C'est pourquoi les grandes commémorations prévues en cette année 2014 revêtent tant d'importance. Elles offrent en premier lieu l'opportunité d'honorer les disparus. Elles permettent ensuite de témoigner notre reconnaissance aux acteurs de ces tragédies toujours avec nous. Elles sont enfin une leçon, une invitation à ne jamais rien oublier du passé pour éviter de reproduire ses erreurs. Si tant est que cela soit possible... La Normandie sera bien sûr au centre de toutes les manifestations, en juin d'abord, pour évoquer le Débarquement, à partir de l'été ensuite, pour rappeler le centenaire du déclenchement de la Première Guerre mondiale. Patrimoine Normand évoquera ces deux événements majeurs dans ses colonnes, en tentant toujours d'apporter son regard, original et personnel.

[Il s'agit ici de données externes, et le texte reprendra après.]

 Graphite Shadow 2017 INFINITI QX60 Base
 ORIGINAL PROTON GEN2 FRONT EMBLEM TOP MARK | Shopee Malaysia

En attendant, c'est avec cette même volonté de préserver et de transmettre la mémoire, qu'elle soit immatérielle ou monumentale, que nous vous proposons d'ouvrir ce numéro d'hiver de votre magazine. Vous trouverez au fil des pages quelques rubriques nouvelles qui, nous l'espérons, sauront vous séduire. Vous rencontrerez également des figures étonnantes et attachantes, comme le patron de presse Ernest Vaughan, qui prit le risque de publier le fameux J'accuse d'Émile Zola, ou l'escroc de haut vol Clément Passal, sorte d'Arsène Lupin un brin raté. Nous vous emmènerons aussi au Bec-Hellouin, l'un des plus beaux villages de France posé dans son écrin de verdure. Dans la foulée, nous irons prendre un bol d'air au mont Saint-Michel, grâce au téléobjectif de Vincent M. Et une foule d'autres sujets encore...
Nombreux sont ceux qui courent aujourd'hui le monde à la recherche de sensations nouvelles, d'ouverture d'esprit, d'authenticité et de grands espaces. S'éveiller aux autres cultures est certes louable et même indispensable, mais il ne faut jamais oublier de regarder près de chez soi. Le frisson de la découverte, le dépaysement sont au coin de votre rue !
Toute la rédaction de Patrimoine Normand vous souhaite une bonne et heureuse année 2014.
La rédaction.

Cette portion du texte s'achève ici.